**Goal of the exercise:** For this exercise, please reproduce the records below word for word, from the first line through the line with "Outdoor Rug Door".

**Input data:**
+ + + + + + +

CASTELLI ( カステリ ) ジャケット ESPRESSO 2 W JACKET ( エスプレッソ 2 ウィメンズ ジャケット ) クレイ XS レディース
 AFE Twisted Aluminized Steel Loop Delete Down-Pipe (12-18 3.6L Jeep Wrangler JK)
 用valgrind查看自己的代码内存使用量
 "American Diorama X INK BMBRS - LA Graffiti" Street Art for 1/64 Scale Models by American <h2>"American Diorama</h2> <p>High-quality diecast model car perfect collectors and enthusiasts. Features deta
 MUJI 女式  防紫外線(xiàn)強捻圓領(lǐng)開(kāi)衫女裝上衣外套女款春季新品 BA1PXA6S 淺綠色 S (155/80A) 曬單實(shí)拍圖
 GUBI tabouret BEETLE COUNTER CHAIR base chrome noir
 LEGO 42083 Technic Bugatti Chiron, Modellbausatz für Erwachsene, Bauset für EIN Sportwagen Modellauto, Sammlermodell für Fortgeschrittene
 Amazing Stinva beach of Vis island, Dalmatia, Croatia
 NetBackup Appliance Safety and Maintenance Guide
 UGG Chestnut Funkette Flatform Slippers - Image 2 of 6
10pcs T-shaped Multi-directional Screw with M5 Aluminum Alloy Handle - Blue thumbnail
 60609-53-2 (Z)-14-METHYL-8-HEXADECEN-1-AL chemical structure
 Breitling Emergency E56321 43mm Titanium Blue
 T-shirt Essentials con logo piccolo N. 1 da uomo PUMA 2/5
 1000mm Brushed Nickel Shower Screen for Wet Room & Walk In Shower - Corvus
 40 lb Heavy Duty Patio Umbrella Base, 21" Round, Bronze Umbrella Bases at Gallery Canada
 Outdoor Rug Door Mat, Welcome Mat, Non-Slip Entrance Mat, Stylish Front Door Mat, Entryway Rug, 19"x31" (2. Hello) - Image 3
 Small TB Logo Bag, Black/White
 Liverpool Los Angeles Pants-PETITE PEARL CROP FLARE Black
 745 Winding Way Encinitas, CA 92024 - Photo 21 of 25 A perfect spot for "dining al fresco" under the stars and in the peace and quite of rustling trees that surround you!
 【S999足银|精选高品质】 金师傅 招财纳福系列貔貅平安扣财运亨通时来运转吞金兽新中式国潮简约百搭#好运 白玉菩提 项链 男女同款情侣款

+ + + + + + +

**Solution below:**
CASTELLI ( カステリ ) ジャケット ESPRESSO 2 W JACKET ( エスプレッソ 2 ウィメンズ ジャケット ) クレイ XS レディース
 AFE Twisted Aluminized Steel Loop Delete Down-Pipe (12-18 3.6L Jeep Wrangler JK)
 用valgrind查看自己的代码内存使用量
 "American Diorama X INK BMBRS - LA Graffiti" Street Art for 1/64 Scale Models by American <h2>"American Diorama</h2> <p>High-quality diecast model car perfect collectors and enthusiasts. Features deta
 MUJI 女式  防紫外線(xiàn)強捻圓領(lǐng)開(kāi)衫女裝上衣外套女款春季新品 BA1PXA6S 淺綠色 S (155/80A) 曬單實(shí)拍圖
 GUBI tabouret BEETLE COUNTER CHAIR base chrome noir
 LEGO 42083 Technic Bugatti Chiron, Modellbausatz für Erwachsene, Bauset für EIN Sportwagen Modellauto, Sammlermodell für Fortgeschrittene
 Amazing Stinva beach of Vis island, Dalmatia, Croatia
 NetBackup Appliance Safety and Maintenance Guide
 UGG Chestnut Funkette Flatform Slippers - Image 2 of 6
10pcs T-shaped Multi-directional Screw with M5 Aluminum Alloy Handle - Blue thumbnail
 60609-53-2 (Z)-14-METHYL-8-HEXADECEN-1-AL chemical structure
 Breitling Emergency E56321 43mm Titanium Blue
 T-shirt Essentials con logo piccolo N. 1 da uomo PUMA 2/5
 1000mm Brushed Nickel Shower Screen for Wet Room & Walk In Shower - Corvus
 40 lb Heavy Duty Patio Umbrella Base, 21" Round, Bronze Umbrella Bases at Gallery Canada
 Outdoor Rug Door Mat, Welcome Mat, Non-Slip Entrance Mat, Stylish Front Door Mat, Entryway Rug, 19"x31" (2. Hello) - Image 3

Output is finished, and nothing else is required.